You can have rules for the order things are done in–like maybe homework is done first thing after school. We have expectation that our children will clean up after themselves. We also have a rule that everyone cleans no matter who made the mess.
For help with appropriate chore expectations, see these posts:
Give an Instruction and Walk Away
A lot of times we impede our children’s progress by getting impatient and doing the task for our child. When you give your child an instruction, walk away so your child can do it. If you tell your child to get shoes on, walk away and do something else that needs to be done in order to leave. Don’t stand there for five seconds (or even five minutes) and then get impatient and start to do it for your child. A good strategy is to tell your child to do something much sooner than you need it done. Another good idea is to do something to busy yourself while your child works on it. If you need to leave the house by 8:50, tell your child to get her shoes on at 8:40 or even 8:30 if needed, not 8:48. A new learner needs plenty of time.
Always remember, doing things for your child might seem really nice, but it can actually be harmful in the long run. It is such a benefit to your child to learn life skills and be able to take care of himself. I think it is fine to do some things for our children that they can do for themselves at times. My husband often helps Brayden with a portion of his lunch each day. There is nothing inherently wrong with making lunch for your child. It can be a display of love and service from you. Just be sure your child is learning the skills associated with the task you are doing in some other way (in our example, Brayden helps make dinner at other times).

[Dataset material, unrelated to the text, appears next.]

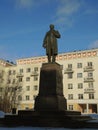 Monument in Murmansk, Russia.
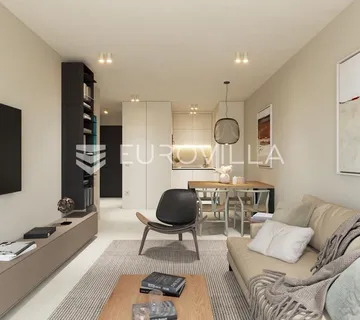 Istra, Poreč, dvosoban stan na 1. katu moderne novogradnje 75 m²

Start by Helping with Charts/Cards/etc.
We all need reminders, and it is fun and helpful to give your child a way to keep track of what needs to be done. I find when starting a new responsibility, these things are necessary, but as the child gets use to it, it is no longer needed. When we started having Brayden make his own lunch, I made an instruction list he could refer to each day. Today, he doesn’t need to use it, but initially, it helped him make sure he had everything he needed for his lunch. I have some posts on chore charts and such:
Have Consequences When The Child Doesn’t Follow Through
A concept I love from the Parenting with Love and Logic book is to keep in mind that stakes are low when your child is young. This means that today, Brayden having to eat school lunch isn’t a huge deal. He might not like what is made that day, but he will surely survive. He will also likely not forget to make his lunch another day. He might be hungry, but life will go on. It is better to learn these lessons now while he is young and the consequences won’t have a long-term negative impact on his life than in 20 years when he is an adult and his stakes are higher.
Logical consequences are often effective for things your child is supposed to take care of himself. You can also remove privileges as a consequence. If you have a rule that there is no TV time until homework is done, if your child decides to watch TV first, you might take away TV time for a week.
Help Child Solve Own Problems
When your child comes to you with a problem that needs to be solved, don’t just solve it for him. Help him learn wisdom. Talk him through it. Ask him some ways he could fix it. Stay calm and help him think it through. Do a brainstorming session. Once you have talked about options, ask your child which option he wants to do. Doing this helps your child become self-sufficient. Your child will be able to do the process on his own before long.
Believe in Your Child
There is huge power in believing your child can do things. Have confidence in your child and trust your child to follow through.